After picking up some Google (GOOG) shares yesterday afternoon as the stock plummeted from $430 to $350 on word of their disappointing earnings report, I just sold those shares, and all others I own for myself and for my clients, at $400 per share. Think of it as wanting to go out on top after a great trade.
The case can be made that Google should be held at current levels. Inclusion in the S&P 500 will be upcoming, and word is that the company will be announcing several large distribution deals with large, popular content providers in coming months. There will be positive catalysts after last night's shocker.
After all, if Google gave quarterly guidance like other firms, investors and analysts would not have been surprised with a headline EPS number of $1.54 per share for Q4, because they would have known where tax rates were going to be. The business is still solid, taking market share and expanding into new areas. Last night's report did not show that fundamentals have deterioriated. Rather, growth is simply slowing down due to the law of large numbers. That is the bullish case.
However, these are not the reasons I have owned the stock since $170 per share.

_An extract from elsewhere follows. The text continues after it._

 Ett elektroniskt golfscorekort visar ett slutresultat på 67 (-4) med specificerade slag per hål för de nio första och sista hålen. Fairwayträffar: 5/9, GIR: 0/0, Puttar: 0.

The "value" I saw had to do with the fact that the Street didn't fully understand what the earnings power of the company's search franchise was. If investors knew Google could earn $8 or $9 in 2006, their IPO in August 2004 would never have been priced at $85.
Last night's report showed me that Wall Street is no longer underestimating Google's growth outlook. Earnings, adjusted for the tax rate increase, were a few cents above consensus, but below the highest printed estimate. Revenue came in right at the estimate. Upside from domestic search appears limited from here.
Does that mean the stock is done going up? Not necessarily. Google is investing huge amounts of money in international operations and new products outside of core search. The potential is huge, and they have the money, the people, and the momentum to conquer new markets. The next task for Google is to monetize these other products. Can they make decent money with Gmail, Google Video, Google Earth, Google China, Google Images, and the many other areas we are speculating they will enter?
Nobody knows for sure. Bulls on the stock believe they can. However, just because they are in position to do so does not mean they will. If they can monetize these product lines, growth will continue and the stock could very well go a lot higher. However, it is not as clear to me that this will happen, at least not as clear as it was that GOOG was too cheap at $170 per share.
Google is trading at 45 times this year's projected earnings. The issues the company addressed last night (growth deceleration in search and massive spending on international markets) could very well result in more earnings disappointments in the near term.
The risk-reward outlook seems to be less compelling to me today. Maybe that will change in the future if we get another quarter or two of disappointing earnings, or if other product lines boom, but right now I'm content with selling at $400 and seeing how it all plays out.